Hope this is helpful.
Source: https://www.khanacademy.org/math/algebra2/rational-expressions-equations-and-functions/discontinuities-of-rational-functions/v/discontinuities-of-rational-functions
Two functions are typically defined to be equal if and only if they...
- Share the same domain
- Share the same codomain
- Take on the same values for each input.
Thus, functions $f,g : S \to T$ for sets $S,T$ have $f=g$ if and only if $f(x) = g(x)$ for all $x$ in $S$.

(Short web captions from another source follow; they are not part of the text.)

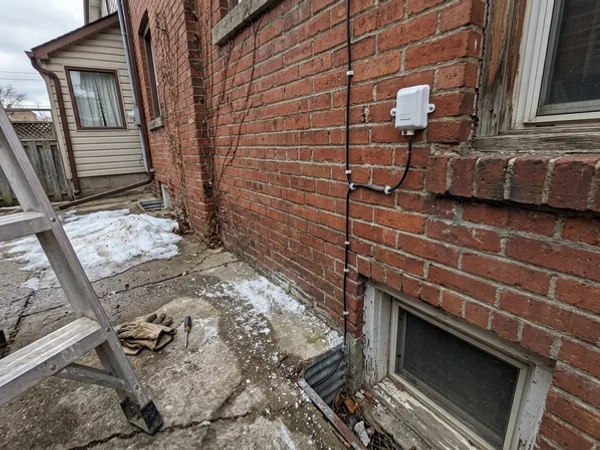 Outdoor reset sensor mounted on a north-facing Toronto exterior wall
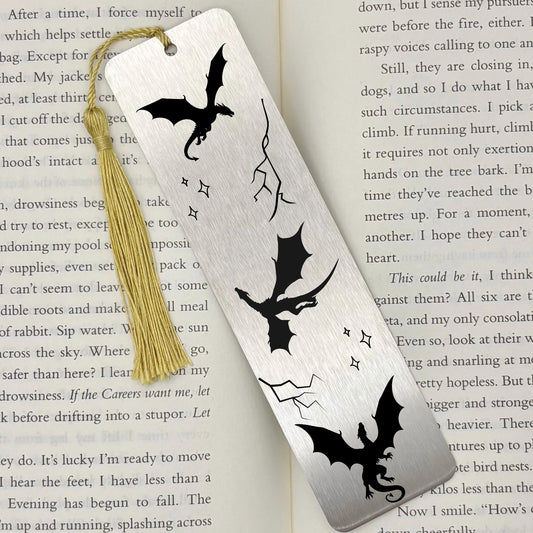 Brushed silver Fantasy Dragons Metal Bookmark with gold tassel on top of an open book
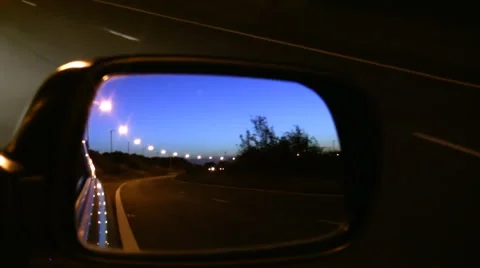 Car mirror view driving at night Stock Footage 44685654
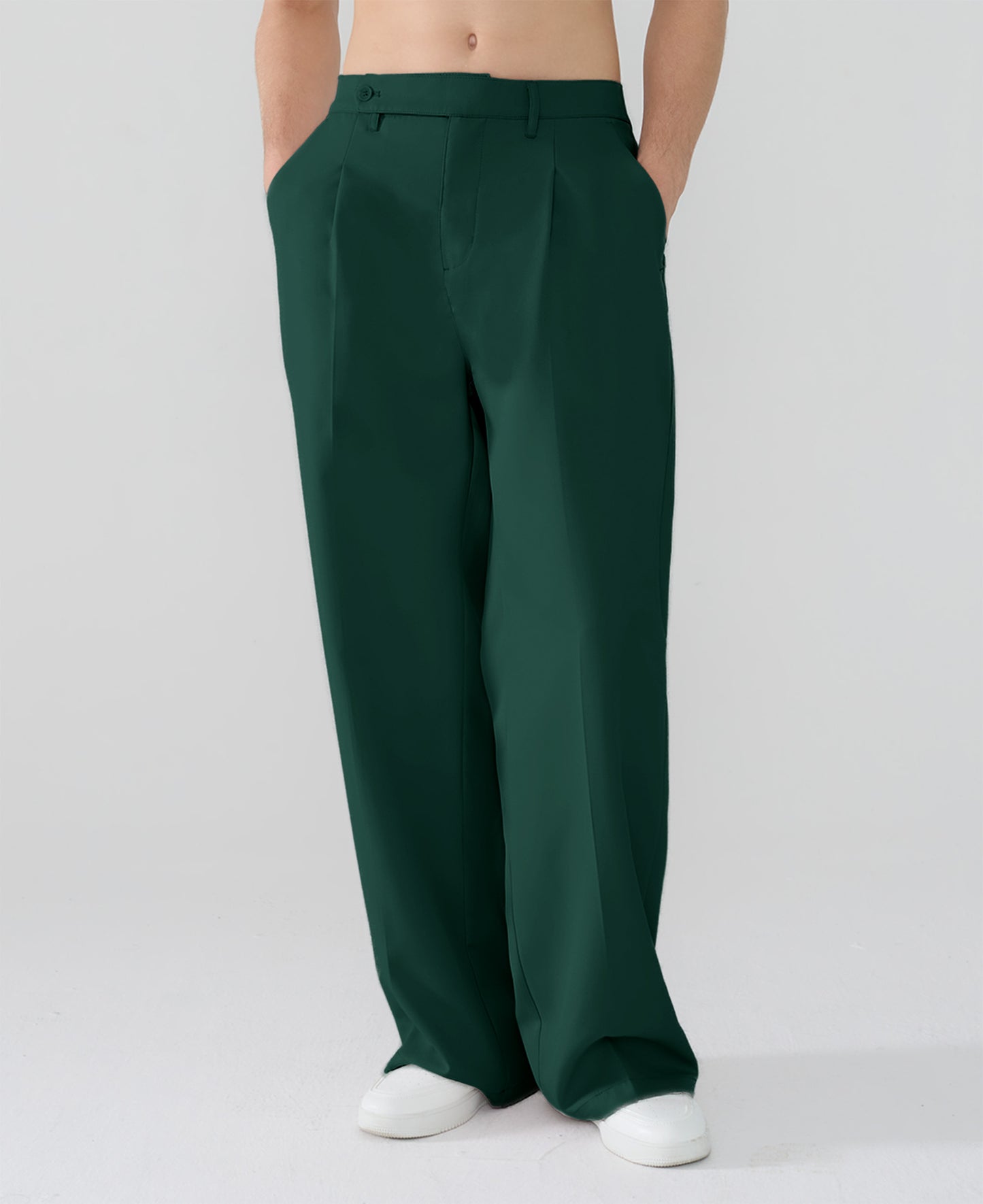 Model showcasing green Men's Pleated Baggy Dress Pants highlighting soft color and elegant drape.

For functions with holes, we typically restrict the domain by ensuring the values where the function is not defined at not included. For example, in the functions you have, you have
$$f(x) = \frac{(x-3)(x+2)}{(x-3)} \;\;\;\;\; g(x) = x+2$$
Are these equal? Yes, and no.
A function must be defined at all values of the domain. Thus, we can say $3$ is not in the domain of $f$ for sure. But we never specified otherwise the domains and codomains of these functions! Typically, unless stated otherwise, we often assume their domain to be $\Bbb R$ or $\Bbb C$, minus whatever points are causing problems - and of course, in such cases, $f \neq g$ since $f(3)$ is not defined, and thus $f$ normally has domain $\Bbb R \setminus \{3\}$ and $g$ generally has domain $\Bbb R$.
But that restriction is not necessary. For example, we could define the functions to be $f,g : \Bbb R \setminus \Bbb Q \to \Bbb R$. Notice that the domain of both functions are now all real numbers except rational numbers, i.e. the irrational numbers. This means $3$ is not in the domain of either function - and since that's the only "trouble spot," and the codomains are equal, and the values are equal at each point in the domain, $f=g$ here.
Or even more simply: we could have $\Bbb R \setminus \{3\}$ be the domain of $f$ and $g$ and again have equality! The key point in all this is that, just because $f$ or $g$ do attain defined values for certain inputs, doesn't mean they have to be in the domain.
In short, whether $f=g$ depends on your definitions of each. Under typical assumptions, $f \neq g$ in this case, but if we deviate from those assumptions even a little we don't necessarily have inequality.
Best Answer
You clearly understand the algebra, and the idea behind "removable singularity". The definition of the domain is a little subtle (and usually not particularly important, given your understanding).
The expressions on the right in
$$f(x) = \frac{x-2}{(x-2)(x+2)}$$
and
$$g(x) = \frac{1}{x+2}$$
define the same function where both make sense. That function has an unremovable singularity at $x=-2$.
The domain of $g$ contains the point $x=2$; the domain of $f$ does not, so strictly speaking they are not the same function. But the limit of $f$ at $x=2$ does exist, and has value $g(2) = 1/4$. That's exactly what we mean when we say the singularity is removable.